Crude oil is a primary source of the fuel needed to run our vehicles and power our homes. In its natural state, crude oil is a complex mixture of hydrocarbons. Some of these are large, viscous and not very flammable or volatile, while others are smaller, more free-flowing, more flammable and more volatile. Depending upon their size and physical properties, the hydrocarbons are used for different purposes.

A common method of separating these hydrocarbons is called fractional distillation. This involves placing the crude oil in a large receptacle with a fractioning column fitted above it. The column has several condensers attached to it at different heights, allowing for hydrocarbons with higher boiling points to condense at the bottom of the column and those with lower boiling points to condense at the top.

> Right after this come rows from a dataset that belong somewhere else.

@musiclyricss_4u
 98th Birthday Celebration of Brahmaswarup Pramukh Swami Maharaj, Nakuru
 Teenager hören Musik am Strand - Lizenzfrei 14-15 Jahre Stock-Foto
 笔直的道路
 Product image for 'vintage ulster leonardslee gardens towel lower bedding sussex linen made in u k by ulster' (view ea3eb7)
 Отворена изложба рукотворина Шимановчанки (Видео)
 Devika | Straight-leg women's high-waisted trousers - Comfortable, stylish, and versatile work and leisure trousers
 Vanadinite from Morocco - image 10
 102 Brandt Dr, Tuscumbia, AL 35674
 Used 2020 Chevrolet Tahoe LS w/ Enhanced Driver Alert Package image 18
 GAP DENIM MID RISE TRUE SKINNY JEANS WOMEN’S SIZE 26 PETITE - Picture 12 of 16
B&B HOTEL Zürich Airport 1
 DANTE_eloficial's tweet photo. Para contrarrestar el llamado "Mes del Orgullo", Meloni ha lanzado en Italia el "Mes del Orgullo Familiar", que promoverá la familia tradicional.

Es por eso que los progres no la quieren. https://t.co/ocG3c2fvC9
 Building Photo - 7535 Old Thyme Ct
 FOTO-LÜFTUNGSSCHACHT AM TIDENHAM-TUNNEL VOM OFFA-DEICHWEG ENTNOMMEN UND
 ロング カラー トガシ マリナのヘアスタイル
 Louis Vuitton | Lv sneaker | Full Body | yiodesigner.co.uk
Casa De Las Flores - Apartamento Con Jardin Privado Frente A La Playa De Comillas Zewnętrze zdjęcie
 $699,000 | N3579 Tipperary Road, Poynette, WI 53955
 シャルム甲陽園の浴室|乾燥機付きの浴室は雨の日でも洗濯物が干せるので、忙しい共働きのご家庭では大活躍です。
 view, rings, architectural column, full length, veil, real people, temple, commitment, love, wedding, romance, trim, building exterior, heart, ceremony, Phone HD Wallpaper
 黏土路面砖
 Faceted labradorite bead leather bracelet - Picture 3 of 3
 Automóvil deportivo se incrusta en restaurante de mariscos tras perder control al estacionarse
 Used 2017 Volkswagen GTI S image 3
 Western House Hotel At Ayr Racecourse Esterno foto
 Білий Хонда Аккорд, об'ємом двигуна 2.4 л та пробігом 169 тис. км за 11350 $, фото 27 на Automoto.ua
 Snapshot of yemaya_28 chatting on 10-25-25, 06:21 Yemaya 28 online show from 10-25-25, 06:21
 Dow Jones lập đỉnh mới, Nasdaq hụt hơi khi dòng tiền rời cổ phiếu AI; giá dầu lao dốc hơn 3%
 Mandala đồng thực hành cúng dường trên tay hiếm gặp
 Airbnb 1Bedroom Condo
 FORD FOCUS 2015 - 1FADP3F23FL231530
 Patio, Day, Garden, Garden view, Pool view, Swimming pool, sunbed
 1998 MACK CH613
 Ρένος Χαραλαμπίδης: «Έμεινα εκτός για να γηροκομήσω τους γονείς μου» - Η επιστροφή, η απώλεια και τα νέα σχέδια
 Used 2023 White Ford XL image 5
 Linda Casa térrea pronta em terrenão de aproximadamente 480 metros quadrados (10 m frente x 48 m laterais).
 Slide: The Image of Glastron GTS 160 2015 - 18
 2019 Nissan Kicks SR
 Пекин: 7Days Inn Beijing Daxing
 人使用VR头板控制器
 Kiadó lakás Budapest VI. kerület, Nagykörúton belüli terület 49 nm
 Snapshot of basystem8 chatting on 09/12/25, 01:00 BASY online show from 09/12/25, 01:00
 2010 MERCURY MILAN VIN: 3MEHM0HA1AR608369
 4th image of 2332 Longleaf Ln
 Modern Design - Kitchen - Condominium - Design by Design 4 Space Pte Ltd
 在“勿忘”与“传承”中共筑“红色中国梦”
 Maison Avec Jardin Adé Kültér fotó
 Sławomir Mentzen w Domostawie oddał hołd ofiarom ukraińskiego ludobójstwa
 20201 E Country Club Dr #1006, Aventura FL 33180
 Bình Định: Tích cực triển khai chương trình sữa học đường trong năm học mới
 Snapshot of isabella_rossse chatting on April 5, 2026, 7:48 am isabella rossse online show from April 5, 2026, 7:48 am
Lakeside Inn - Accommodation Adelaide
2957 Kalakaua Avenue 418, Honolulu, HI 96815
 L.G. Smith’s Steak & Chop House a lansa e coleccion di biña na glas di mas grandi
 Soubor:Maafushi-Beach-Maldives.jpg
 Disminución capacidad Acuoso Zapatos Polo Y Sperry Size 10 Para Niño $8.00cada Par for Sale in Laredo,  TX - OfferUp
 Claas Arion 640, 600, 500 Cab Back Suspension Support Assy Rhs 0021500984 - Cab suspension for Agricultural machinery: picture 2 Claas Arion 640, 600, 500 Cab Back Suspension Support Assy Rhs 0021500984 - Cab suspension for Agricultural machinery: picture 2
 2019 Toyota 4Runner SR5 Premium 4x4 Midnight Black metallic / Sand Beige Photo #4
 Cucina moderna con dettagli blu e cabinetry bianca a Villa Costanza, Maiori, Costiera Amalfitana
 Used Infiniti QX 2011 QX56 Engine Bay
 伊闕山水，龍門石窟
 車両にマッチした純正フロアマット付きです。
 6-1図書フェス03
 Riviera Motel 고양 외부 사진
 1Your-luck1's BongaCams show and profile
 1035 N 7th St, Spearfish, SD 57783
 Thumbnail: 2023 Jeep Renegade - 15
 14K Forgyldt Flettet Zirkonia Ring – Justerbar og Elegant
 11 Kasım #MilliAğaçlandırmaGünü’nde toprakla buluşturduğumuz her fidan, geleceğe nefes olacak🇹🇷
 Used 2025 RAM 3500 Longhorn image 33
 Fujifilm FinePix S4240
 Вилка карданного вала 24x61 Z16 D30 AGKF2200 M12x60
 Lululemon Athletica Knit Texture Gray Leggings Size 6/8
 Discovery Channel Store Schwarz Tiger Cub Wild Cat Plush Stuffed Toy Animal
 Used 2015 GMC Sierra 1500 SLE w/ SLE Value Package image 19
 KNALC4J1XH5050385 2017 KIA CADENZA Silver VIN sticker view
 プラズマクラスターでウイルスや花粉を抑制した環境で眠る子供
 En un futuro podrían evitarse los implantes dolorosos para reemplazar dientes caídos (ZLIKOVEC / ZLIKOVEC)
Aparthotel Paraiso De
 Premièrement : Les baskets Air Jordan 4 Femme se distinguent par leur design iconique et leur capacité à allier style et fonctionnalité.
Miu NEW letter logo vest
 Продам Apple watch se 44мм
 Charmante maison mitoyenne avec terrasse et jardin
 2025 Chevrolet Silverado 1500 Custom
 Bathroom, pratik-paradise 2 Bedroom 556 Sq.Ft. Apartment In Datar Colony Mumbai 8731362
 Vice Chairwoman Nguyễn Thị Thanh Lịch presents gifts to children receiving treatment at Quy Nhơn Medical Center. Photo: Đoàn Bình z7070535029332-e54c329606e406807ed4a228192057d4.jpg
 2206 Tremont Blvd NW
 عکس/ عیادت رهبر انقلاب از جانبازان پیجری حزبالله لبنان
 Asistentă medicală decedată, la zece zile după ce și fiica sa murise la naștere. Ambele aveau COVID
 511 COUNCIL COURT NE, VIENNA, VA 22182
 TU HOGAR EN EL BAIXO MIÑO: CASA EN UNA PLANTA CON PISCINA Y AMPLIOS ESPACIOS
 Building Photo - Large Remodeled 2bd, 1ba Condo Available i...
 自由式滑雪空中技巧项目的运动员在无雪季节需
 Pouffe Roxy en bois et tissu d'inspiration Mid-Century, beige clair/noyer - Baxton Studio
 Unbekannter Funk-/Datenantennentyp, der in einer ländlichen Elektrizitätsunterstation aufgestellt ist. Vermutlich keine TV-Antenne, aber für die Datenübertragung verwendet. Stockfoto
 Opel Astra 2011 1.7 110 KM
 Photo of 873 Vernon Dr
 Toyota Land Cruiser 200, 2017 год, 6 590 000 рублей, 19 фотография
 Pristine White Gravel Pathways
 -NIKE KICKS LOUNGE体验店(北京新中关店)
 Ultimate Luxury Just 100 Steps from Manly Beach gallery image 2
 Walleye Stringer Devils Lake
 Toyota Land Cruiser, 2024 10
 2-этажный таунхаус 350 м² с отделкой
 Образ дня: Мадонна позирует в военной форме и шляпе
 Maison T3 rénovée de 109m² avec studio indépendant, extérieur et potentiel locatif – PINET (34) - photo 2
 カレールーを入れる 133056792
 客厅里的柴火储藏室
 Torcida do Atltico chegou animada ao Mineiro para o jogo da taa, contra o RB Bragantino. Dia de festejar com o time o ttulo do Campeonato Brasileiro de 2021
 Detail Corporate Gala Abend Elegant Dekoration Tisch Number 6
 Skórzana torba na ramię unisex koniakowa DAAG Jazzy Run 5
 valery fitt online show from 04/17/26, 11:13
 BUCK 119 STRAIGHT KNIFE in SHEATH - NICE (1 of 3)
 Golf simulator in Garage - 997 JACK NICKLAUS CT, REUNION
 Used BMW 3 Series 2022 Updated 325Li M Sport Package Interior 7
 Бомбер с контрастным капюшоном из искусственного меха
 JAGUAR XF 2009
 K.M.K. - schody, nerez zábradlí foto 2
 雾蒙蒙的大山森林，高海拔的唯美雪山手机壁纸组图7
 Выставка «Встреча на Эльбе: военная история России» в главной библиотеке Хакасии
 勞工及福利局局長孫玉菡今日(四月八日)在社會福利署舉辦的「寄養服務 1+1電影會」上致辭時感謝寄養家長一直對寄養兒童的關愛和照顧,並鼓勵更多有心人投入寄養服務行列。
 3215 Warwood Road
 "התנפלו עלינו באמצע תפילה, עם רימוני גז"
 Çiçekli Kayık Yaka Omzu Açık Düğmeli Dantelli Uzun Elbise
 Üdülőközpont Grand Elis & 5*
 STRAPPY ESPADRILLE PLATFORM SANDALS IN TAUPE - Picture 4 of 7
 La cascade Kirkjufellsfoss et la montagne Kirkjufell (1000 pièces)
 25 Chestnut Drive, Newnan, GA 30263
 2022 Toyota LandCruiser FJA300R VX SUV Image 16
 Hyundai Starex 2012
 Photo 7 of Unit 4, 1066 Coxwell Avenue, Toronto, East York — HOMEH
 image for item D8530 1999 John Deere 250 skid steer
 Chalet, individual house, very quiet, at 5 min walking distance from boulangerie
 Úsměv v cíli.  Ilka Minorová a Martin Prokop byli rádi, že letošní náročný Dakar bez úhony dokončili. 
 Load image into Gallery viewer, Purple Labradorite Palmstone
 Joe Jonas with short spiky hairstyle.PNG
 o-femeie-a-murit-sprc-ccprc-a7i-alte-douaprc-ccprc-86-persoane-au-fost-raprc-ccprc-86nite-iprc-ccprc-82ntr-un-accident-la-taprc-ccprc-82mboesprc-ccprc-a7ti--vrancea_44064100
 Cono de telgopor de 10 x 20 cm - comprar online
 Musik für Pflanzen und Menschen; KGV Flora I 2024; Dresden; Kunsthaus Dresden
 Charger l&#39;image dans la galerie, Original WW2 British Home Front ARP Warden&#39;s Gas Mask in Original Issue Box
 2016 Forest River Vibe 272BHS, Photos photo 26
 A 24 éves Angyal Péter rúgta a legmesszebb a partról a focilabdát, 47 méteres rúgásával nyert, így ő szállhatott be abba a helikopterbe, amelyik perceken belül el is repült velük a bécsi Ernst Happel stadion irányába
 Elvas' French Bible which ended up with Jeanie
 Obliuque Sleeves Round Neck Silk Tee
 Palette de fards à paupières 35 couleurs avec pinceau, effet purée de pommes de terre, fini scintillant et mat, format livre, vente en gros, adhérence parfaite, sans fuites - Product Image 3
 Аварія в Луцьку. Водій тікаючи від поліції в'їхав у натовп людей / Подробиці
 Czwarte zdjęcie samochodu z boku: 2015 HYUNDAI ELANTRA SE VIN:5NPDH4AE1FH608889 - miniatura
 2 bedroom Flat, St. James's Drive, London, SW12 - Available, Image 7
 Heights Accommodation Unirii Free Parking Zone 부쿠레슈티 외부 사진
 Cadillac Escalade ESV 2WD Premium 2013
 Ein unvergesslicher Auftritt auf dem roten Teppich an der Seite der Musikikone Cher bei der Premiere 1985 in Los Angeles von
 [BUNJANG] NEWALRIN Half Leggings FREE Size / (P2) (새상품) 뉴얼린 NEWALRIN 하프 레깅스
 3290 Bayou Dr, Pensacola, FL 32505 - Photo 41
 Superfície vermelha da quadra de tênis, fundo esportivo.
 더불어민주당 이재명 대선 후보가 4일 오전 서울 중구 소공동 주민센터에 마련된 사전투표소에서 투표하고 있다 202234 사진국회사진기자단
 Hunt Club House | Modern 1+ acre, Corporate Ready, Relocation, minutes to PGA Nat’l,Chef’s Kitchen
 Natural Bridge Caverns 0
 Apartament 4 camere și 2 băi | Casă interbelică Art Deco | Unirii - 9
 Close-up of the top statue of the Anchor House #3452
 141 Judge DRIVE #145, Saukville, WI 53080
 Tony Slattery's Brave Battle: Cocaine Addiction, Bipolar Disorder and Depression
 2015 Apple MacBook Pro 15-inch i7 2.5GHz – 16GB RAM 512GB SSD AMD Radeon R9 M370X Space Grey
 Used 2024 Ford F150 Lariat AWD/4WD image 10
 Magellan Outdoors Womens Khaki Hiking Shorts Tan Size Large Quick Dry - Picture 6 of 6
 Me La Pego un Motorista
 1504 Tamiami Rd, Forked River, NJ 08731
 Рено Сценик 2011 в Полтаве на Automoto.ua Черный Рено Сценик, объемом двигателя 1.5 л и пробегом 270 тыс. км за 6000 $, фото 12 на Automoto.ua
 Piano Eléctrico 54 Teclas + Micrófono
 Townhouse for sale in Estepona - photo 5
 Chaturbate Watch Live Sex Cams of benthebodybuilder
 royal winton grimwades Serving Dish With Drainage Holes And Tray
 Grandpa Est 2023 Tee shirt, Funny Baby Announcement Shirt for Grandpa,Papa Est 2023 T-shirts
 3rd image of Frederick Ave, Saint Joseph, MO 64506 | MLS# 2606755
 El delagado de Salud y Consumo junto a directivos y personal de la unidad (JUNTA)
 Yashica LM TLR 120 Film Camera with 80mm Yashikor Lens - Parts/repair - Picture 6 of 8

What are the main fractions of crude oil?

In this way, the crude oil is separated out into different parts, or fractions. The whole process works in a similar fashion to how alcohol is made in a whisky distillery, but with the staggered condensers allowing for different hydrocarbons to be removed at different stages of the condensation process. The main fractions that are extracted from crude oil are as follows:

• Bitumen. This solid substance has the highest boiling point and is used for roads and roofs.
• Fuel oil. Crude oil fuel is very viscous and is used in the power stations on board ships.
• Diesel. With a slightly lower boiling point, diesel is used to power cars, lorries and buses.
• Kerosene. Kerosene has a lower boiling point than diesel and is used to power aircraft engines.
• Gasoline. Along with the use of various additives, gasoline powers our cars.
• Refinery gases. The gases with the lowest boiling point are bottled and used in refineries.

Fuels with smaller hydrocarbons are more efficient than those with larger hydrocarbons, since they can flow and ignite more easily. In order to break larger hydrocarbons down into smaller, more efficient chunks, the process of cracking is used. This involves heating the hydrocarbons to extremely high temperatures and passing them over a catalyst (usually made of alumina or silica). This breaks the covalent bonds in the hydrocarbons, causing thermal decomposition and creating alkanes and alkenes, which can be used as the fuels mentioned above or to manufacture plastics.

Cleanliness is key

In its purest form, crude oil contains only hydrogen and carbon atoms. However, organic chlorides can contaminate crude oil during the distillation process. Ironically, this occurs due to cleaning operations in the still, the pipelines or other refinery equipment.

While small concentrations of organic chlorides in crude oil do not pose a problem to the refinery equipment, they can cause severe damage if they are not addressed. That’s why measurement of organic chlorides via ASTM or water extraction is imperative to ensure that the oil remains safe to use in a refinery environment.